Personal information
- Born: 7 June 1999 (age 26)
- Original team: Subiaco (WAFL)
- Draft: No. 62, 2017 national draft
- Debut: Round 15, 2019, North Melbourne vs. Collingwood, at Marvel Stadium
- Height: 186 cm (6 ft 1 in)
- Weight: 86 kg (190 lb)
- Position: Midfielder

Playing career^{1}
- Years: Club / Games (Goals)
- 2019–2022: North Melbourne / 17 (0)
- ^{1} Playing statistics correct to the end of 2022 season.

= Kyron Hayden =

Australian rules footballer

Kyron Hayden (born 7 June 1999) is a former Australian rules footballer who played for North Melbourne in the Australian Football League (AFL). He played junior football in the West Australian Football League (WAFL) for Subiaco before he was selected in the 2017 AFL draft. Hayden made his AFL debut late in the 2019 season, but ruptured his achilles tendon during the game and missed the remainder of the season. Hayden was knocked to the ground in a collision with Tom Lynch in North Melbourne's Round 7, 2020 game against the Richmond Tigers, with him being stretchered from the playing field. In spite of an initial scare, the collision resulted in only a minor concussion for Hayden.

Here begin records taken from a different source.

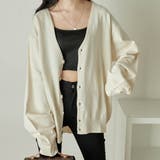 ホワイト | ドロップショルダーカーディガン 韓国 韓国ファッション | WEGO【WOMEN】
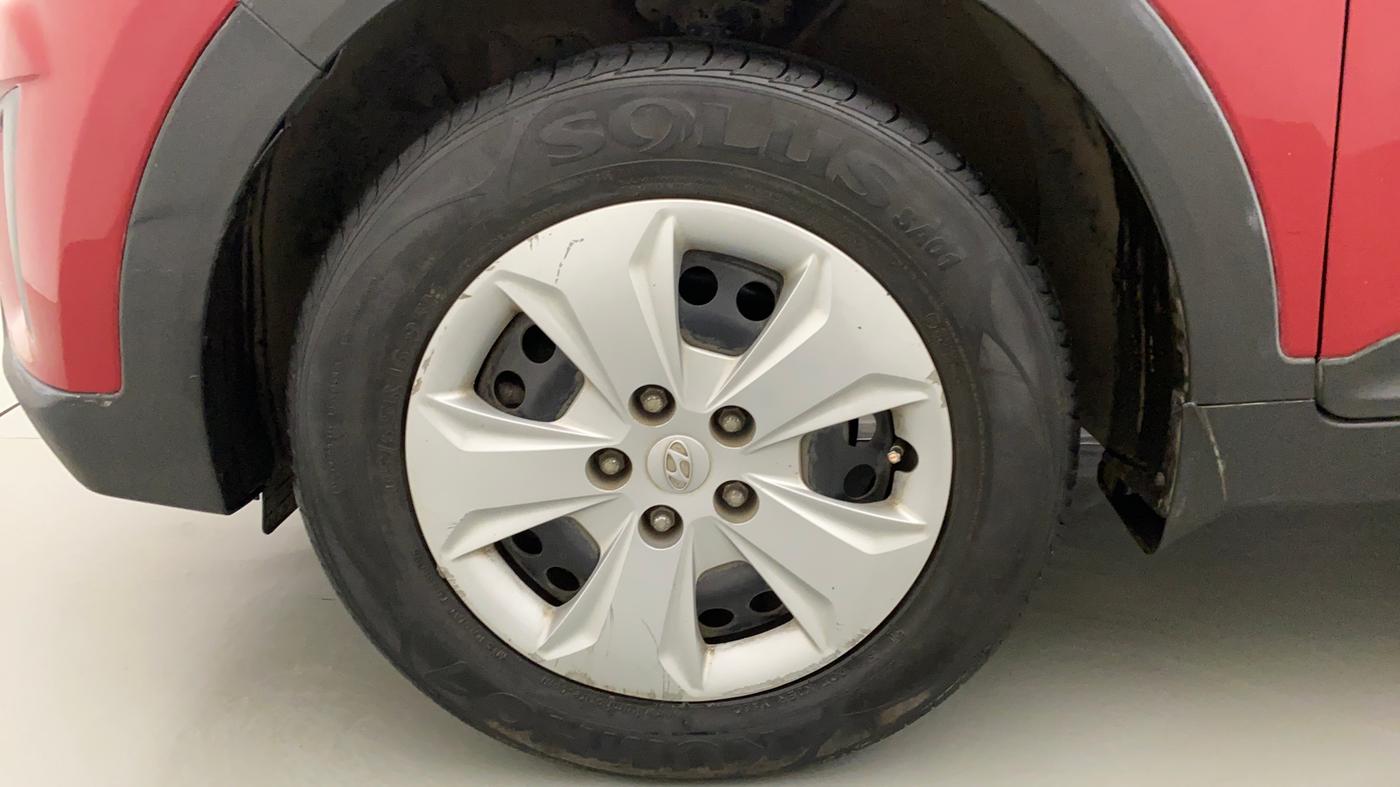 2017 Hyundai Creta E PLUS 1.6 PETROL, Petrol, Manual, 62,559 km, Left Front Wheel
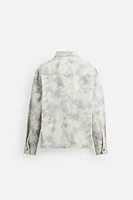 ABSTRACT PRINT OVERSHIRT
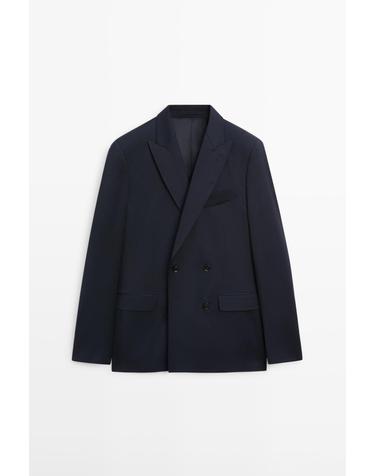 마시모두띠 100% 쿨 울 더블 수트 블레이저 3650/534 NAVY BLUE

Hayden was delisted by North Melbourne at the end of the 2022 season, having played a total of 17 AFL games.

==Personal life==
Hayden is of Aboriginal descent with his father's parents coming from Merredin and Katanning. Hayden’s father spent five years in prison from 2015 to 2020, but despite his sentence Hayden credits his father as a good parent.